# Instructions to follow:
All lines from the one including "Thumbnail 3 in" to the bottom of the entries below should be repeated exactly, both ends kept.

Web page caption snippets:
┄┄┄┄┄┄

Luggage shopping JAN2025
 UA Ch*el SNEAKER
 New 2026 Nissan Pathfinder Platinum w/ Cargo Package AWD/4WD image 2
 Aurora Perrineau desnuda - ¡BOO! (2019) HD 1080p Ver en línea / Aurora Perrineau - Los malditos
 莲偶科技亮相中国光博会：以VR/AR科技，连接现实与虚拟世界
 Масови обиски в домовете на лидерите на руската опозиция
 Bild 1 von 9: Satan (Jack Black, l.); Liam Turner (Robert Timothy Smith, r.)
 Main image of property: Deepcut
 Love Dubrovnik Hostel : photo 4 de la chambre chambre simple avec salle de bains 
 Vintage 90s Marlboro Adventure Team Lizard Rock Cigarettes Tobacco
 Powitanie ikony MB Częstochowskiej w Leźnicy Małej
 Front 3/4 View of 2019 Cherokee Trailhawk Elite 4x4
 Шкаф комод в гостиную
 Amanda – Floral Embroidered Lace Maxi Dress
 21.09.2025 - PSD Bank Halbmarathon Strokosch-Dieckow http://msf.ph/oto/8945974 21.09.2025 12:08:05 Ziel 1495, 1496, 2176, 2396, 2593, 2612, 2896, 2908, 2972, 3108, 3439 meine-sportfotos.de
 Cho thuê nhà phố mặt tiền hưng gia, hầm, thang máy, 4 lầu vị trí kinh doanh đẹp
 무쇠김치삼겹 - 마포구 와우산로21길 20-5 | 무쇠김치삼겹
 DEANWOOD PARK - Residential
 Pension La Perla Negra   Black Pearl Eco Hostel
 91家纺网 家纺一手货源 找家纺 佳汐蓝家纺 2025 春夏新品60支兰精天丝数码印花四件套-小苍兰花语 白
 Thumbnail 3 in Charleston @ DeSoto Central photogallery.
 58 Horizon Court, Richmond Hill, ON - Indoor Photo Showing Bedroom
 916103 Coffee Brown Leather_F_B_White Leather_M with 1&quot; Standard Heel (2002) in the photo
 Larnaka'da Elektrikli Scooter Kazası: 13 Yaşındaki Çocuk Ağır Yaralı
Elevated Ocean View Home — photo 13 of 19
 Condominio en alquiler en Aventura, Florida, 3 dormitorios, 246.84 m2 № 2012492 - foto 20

┄┄┄┄┄┄

# Solution to the exercise:
 Thumbnail 3 in Charleston @ DeSoto Central photogallery.
 58 Horizon Court, Richmond Hill, ON - Indoor Photo Showing Bedroom
 916103 Coffee Brown Leather_F_B_White Leather_M with 1&quot; Standard Heel (2002) in the photo
 Larnaka'da Elektrikli Scooter Kazası: 13 Yaşındaki Çocuk Ağır Yaralı
Elevated Ocean View Home — photo 13 of 19
 Condominio en alquiler en Aventura, Florida, 3 dormitorios, 246.84 m2 № 2012492 - foto 20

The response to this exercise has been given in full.